# Recorded data
-*-
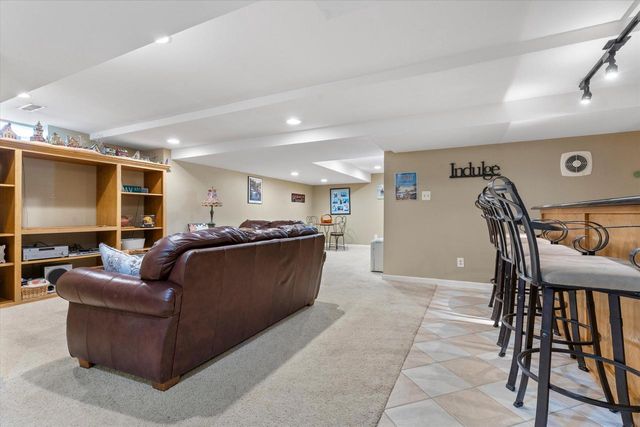 N66W13490 Crestwood DRIVE, Menomonee Falls, WI 53051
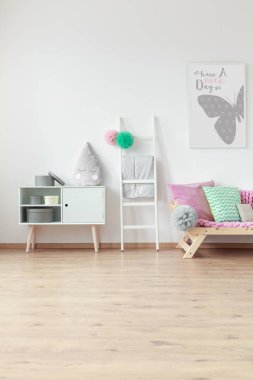 Nane ve pembe yastık 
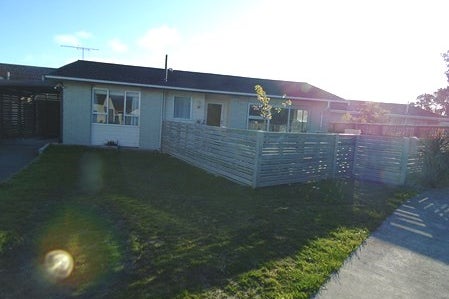 2 Cobar Close, Maupuia, Wellington
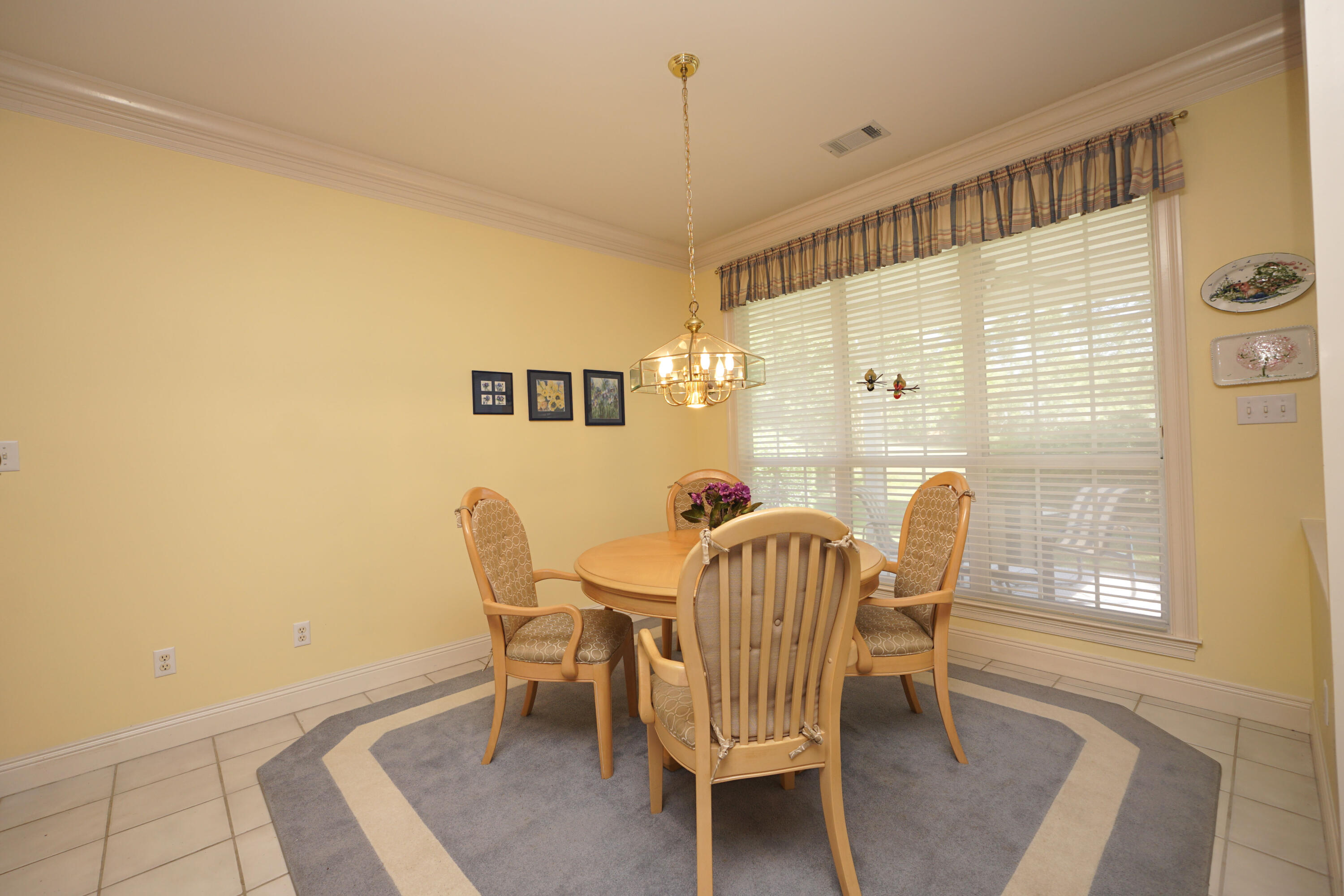TURNBERRY PLACE - Residential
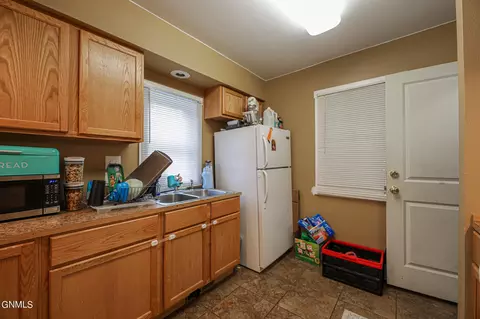 716 N 3rd St, Bismarck, ND 58501 photo 7
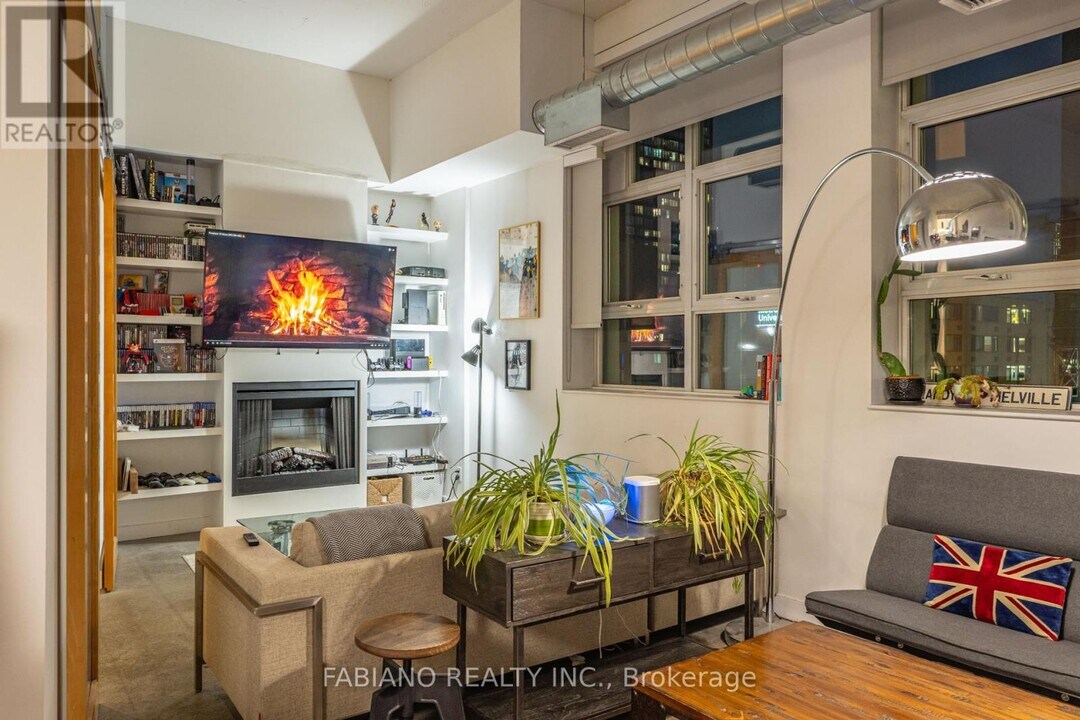 155-155 Dalhousie St in Toronto, ON - Building Photo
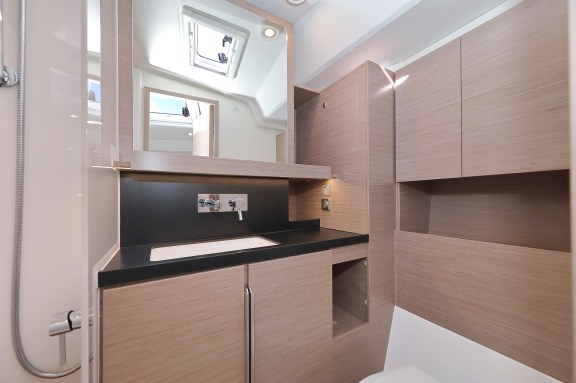 Image of Chrisphi yacht #22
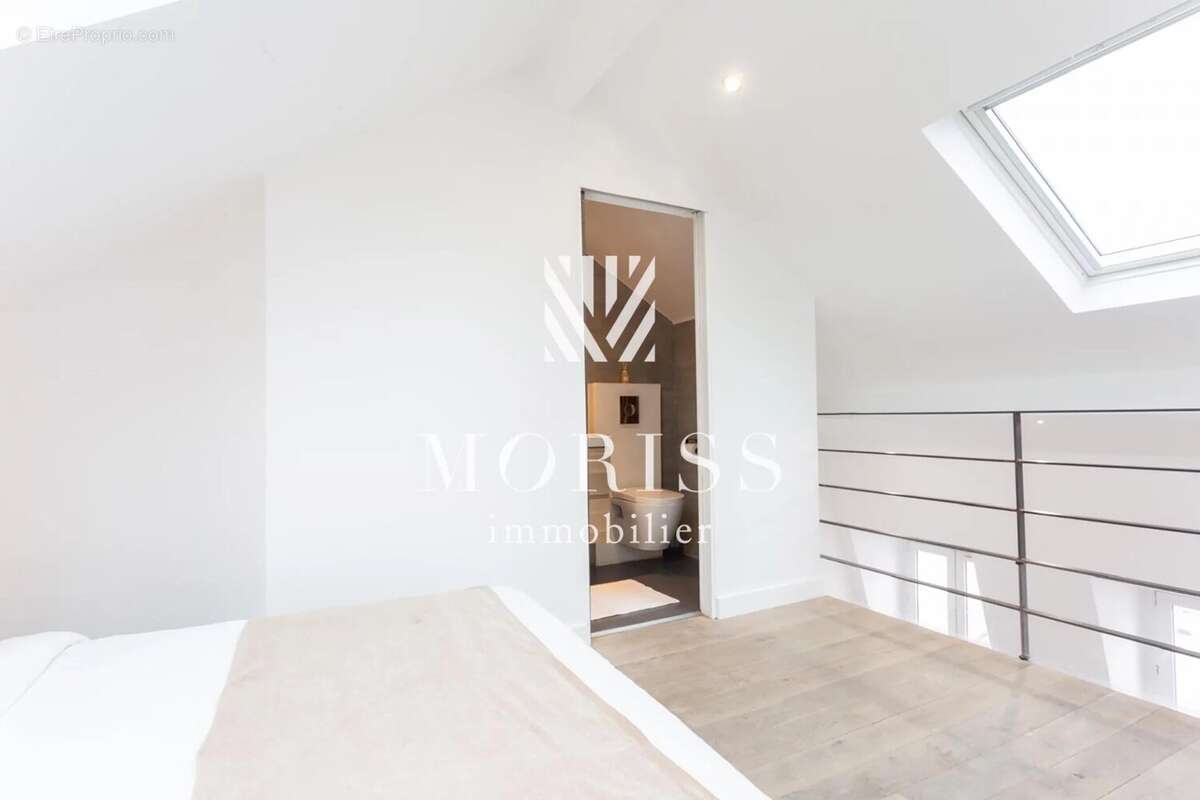 Appartement à PARIS-7E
-*-
# Task item
Starting at the line that holds "TURNBERRY PLACE - Residential" and ending at the last line of the material above, repeat each line exactly, both ends included, and leave the pictures out.

# Solution to this exercise
TURNBERRY PLACE - Residential
 716 N 3rd St, Bismarck, ND 58501 photo 7
 155-155 Dalhousie St in Toronto, ON - Building Photo
 Image of Chrisphi yacht #22
 Appartement à PARIS-7E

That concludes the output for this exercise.